Monday, January 3, 2011

Wearing Those Sweatshirts

I've just been looking at Google Image to find some examples of those odious sweatshirts usually adorning women my age.  You've seen them on your secret trips to WalMart when you were praying no one you knew would see you shopping there, ruining your vociferous arguments that "Small is beautiful," and that we should all boycott that place.

Anyway, I saw one sweatshirt that said, "Autism Rocks", another that said "I'm retired and my part time job is Grandma."  And the inevitable, "I Love Grandma." Grrrr...I hate this stuff.  Suddenly because I'm a grandma, I'm vapid. 

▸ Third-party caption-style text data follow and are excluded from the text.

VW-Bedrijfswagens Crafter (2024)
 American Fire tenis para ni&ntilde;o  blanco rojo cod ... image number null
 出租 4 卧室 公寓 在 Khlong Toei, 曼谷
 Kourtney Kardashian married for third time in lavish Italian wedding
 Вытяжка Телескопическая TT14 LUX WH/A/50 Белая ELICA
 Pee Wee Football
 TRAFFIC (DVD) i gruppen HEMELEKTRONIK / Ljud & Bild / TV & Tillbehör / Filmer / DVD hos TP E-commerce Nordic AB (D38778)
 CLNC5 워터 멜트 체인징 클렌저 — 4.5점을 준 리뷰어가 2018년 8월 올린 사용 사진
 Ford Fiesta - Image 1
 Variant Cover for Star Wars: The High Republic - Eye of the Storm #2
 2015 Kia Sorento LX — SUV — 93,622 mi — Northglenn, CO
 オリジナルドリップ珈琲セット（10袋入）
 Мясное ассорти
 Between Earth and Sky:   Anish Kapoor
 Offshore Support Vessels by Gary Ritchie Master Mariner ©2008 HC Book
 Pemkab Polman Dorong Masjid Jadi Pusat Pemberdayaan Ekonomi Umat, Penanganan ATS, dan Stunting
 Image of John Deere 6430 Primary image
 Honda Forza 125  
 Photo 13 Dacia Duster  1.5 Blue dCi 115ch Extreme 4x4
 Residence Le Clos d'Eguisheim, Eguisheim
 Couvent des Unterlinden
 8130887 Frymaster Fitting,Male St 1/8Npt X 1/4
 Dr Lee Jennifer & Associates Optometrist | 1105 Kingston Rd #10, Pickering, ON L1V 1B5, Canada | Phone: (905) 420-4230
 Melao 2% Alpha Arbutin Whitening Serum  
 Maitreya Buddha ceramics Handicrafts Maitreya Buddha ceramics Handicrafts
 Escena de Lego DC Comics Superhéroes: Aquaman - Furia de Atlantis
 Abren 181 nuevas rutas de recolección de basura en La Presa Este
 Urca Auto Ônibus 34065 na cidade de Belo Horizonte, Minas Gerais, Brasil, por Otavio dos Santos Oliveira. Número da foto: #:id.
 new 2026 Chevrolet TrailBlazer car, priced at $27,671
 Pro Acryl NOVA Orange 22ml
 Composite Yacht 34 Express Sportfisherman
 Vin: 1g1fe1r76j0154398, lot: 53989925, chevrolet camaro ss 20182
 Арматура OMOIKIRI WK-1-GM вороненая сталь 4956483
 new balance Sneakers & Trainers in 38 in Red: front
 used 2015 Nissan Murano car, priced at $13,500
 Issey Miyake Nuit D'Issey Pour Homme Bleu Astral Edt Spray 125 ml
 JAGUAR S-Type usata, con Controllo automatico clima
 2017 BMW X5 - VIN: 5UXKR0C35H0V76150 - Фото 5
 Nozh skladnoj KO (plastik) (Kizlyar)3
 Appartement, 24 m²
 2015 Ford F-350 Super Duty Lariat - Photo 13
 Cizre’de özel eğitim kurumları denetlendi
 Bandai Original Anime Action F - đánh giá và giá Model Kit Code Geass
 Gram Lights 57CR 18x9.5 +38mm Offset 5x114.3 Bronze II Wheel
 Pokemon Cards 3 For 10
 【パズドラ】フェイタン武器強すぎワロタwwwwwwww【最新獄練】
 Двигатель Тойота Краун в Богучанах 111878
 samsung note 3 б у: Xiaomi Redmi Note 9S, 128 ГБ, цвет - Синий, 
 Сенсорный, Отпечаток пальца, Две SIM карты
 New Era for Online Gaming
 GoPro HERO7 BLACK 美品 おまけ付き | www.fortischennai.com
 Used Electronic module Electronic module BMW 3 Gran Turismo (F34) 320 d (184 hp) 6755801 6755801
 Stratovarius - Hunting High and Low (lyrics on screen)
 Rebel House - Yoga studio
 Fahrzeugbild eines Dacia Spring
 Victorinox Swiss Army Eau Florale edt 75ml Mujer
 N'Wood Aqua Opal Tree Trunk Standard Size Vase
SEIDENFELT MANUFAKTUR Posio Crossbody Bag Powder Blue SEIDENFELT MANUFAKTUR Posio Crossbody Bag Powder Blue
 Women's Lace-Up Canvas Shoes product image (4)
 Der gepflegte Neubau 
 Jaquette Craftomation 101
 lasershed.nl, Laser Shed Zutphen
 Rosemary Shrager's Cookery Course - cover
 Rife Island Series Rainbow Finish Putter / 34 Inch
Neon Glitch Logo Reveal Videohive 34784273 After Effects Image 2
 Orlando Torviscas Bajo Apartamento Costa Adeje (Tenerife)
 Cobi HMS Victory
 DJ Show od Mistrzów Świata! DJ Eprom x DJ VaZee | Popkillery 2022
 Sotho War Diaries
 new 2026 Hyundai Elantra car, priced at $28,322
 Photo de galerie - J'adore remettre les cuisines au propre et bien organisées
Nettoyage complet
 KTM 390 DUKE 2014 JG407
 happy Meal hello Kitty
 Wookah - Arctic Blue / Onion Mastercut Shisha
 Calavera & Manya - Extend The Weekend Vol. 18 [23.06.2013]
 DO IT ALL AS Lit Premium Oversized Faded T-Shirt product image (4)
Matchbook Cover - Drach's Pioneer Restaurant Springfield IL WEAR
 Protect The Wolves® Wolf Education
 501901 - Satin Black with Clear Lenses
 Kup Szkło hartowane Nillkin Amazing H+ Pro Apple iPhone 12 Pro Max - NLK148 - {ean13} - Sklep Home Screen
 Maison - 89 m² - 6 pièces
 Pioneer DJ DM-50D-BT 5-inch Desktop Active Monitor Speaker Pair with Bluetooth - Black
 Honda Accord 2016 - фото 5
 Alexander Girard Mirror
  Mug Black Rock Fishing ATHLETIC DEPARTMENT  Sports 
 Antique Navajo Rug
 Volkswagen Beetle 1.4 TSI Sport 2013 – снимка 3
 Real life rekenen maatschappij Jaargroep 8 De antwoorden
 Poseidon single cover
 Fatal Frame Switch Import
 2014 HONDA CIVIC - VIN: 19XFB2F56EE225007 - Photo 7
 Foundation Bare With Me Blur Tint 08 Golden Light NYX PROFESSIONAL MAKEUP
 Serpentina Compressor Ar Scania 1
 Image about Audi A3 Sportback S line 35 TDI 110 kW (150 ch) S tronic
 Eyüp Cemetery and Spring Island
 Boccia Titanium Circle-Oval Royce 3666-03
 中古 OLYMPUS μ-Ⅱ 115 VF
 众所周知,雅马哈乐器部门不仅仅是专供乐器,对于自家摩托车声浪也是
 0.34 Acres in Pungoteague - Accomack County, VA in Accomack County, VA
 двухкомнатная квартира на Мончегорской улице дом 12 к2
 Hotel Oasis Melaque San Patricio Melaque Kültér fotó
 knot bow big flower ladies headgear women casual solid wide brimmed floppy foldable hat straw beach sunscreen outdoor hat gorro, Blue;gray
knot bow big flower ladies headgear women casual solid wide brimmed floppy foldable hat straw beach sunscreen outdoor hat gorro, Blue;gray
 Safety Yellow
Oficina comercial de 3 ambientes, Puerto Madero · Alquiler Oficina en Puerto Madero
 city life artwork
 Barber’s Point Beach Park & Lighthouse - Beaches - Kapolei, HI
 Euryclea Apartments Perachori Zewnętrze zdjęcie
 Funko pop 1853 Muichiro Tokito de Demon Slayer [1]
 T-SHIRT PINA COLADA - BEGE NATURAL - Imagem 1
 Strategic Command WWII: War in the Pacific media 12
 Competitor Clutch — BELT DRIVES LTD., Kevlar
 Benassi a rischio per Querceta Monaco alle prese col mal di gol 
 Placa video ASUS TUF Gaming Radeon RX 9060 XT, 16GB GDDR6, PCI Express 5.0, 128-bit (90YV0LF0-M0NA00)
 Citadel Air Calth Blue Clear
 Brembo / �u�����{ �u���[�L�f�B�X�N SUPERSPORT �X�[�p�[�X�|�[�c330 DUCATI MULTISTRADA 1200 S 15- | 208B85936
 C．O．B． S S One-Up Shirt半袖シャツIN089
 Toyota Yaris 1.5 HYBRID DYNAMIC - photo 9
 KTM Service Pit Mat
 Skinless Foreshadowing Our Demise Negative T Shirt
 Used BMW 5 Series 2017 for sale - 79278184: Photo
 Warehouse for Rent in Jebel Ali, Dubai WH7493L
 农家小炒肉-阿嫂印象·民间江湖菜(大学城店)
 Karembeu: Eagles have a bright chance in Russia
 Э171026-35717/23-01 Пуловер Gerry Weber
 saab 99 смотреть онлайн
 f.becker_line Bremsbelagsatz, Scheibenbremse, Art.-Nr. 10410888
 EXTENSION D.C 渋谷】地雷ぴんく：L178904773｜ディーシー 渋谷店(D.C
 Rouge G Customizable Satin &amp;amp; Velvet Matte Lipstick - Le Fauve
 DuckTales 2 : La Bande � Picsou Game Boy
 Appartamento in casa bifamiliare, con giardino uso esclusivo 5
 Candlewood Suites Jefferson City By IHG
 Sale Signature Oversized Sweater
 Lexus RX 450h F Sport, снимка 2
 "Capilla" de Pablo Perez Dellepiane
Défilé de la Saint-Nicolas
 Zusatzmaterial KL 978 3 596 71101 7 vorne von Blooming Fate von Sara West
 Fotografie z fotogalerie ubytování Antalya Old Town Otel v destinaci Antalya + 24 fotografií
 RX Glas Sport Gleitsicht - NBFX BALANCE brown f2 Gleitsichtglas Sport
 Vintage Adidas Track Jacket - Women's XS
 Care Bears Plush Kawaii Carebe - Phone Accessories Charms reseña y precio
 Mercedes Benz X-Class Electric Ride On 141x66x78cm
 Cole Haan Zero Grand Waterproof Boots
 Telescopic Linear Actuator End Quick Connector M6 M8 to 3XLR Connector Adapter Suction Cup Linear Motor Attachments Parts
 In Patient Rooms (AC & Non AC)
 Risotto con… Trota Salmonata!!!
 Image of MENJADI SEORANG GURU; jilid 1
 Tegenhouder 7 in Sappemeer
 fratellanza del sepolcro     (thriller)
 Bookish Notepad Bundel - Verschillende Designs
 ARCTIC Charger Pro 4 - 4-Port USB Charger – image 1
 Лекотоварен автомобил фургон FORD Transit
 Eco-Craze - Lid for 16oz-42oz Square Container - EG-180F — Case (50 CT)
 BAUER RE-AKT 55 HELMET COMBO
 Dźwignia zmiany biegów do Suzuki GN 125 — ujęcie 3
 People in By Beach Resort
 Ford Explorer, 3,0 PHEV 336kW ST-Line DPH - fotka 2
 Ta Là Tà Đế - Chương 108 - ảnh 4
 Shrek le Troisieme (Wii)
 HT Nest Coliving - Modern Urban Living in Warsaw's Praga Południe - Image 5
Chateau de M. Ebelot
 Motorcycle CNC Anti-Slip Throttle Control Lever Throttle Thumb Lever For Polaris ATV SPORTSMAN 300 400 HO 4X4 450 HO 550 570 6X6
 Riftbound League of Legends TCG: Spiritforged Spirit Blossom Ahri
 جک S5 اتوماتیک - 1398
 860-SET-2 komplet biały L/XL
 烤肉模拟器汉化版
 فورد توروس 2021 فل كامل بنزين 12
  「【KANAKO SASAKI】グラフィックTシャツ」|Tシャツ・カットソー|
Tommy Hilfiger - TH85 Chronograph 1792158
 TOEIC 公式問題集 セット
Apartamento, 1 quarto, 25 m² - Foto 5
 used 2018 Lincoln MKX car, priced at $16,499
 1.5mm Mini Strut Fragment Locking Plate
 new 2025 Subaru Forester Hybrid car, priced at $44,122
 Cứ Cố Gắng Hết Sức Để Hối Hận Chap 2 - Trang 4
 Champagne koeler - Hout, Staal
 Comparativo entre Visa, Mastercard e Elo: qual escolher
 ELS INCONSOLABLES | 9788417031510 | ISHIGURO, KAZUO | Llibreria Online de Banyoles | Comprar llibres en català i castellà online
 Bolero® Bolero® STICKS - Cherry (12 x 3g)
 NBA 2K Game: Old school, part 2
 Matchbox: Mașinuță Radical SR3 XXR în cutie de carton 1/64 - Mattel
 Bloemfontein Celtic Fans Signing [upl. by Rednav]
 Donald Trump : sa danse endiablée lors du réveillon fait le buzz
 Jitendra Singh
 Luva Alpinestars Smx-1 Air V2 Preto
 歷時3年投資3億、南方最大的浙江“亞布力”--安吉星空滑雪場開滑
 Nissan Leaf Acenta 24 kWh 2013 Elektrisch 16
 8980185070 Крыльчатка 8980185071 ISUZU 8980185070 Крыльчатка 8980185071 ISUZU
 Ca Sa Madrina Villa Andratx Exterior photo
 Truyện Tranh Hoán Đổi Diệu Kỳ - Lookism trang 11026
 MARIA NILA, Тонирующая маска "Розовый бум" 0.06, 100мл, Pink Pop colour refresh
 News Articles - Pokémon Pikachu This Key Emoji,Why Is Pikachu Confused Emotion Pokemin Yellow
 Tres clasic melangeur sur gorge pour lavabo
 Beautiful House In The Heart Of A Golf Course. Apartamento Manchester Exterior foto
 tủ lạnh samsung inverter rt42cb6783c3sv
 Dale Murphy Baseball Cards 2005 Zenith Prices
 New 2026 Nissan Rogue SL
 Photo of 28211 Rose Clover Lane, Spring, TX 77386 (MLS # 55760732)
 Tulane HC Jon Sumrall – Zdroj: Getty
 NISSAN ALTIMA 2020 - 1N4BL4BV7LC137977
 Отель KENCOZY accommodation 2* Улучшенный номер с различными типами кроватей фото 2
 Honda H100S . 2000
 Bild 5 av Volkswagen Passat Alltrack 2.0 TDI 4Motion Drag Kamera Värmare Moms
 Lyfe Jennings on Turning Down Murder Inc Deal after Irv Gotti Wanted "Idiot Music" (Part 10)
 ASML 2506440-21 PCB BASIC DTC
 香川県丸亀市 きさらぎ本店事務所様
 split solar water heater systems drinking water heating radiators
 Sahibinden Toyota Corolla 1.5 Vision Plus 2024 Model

I went to WalMart yesterday to get my small load of toilet paper, cheese popcorn, nuts, pomegranite blueberry juice, and Brillo pads.  Since I eat my meals at school, there's no sense in buying real food because it would just sit in the fridge.  Anyway, horror of horrors, I took off my coat on entrance and one of those oh-so-nice greeters nodded approvingly at my chest.  I was wearing a  sweatshirt with a picture of three 1930s lady golfers.  I got that for a dollar at the battered women's shelter used clothing shop in Worcester.  I don't wear it to prove anything--I'm not a golfer, and it didn't relate to grandmothers, so I don't know what that woman was approving.  But it hurt.  It hurt as much as my reading student telling me one day that I'm a sweet old lady.  What the f-@#$??????  I'm not sweet and I'm not old, sonny boy.

When I was a young reporter, I remember I did a feature story about going on the once-a-week shopping trip on the bus with everybody from the senior housing in Northboro, MA.  My grandmother was going, and I suppose I wanted to sneak her picture into the Worcester Telegram and Gazette. Anyway, I was all of 22 and stupid in that way of the young, and I madly wrote down all the cute things the old were saying, and I quoted their bickering fights.  No doubt I even called them oldsters.  I thought  it was oh-so-terrific until I got these outraged letters from elderly folks across Worcester County who claimed I was rendering their peers as idiots.  I was shocked and I couldn't believe that anyone would take offense.   This was the late 60s when both the Black and Grey Panthers came to Worcester.  Maggie Kunin headed the Grey Panthers, and she was hardly sweet.

How naive I was back then.  I think that in those times, except for people my own age, everybody else was a cartoon character.  I didn't see anyone except for myself and my generation.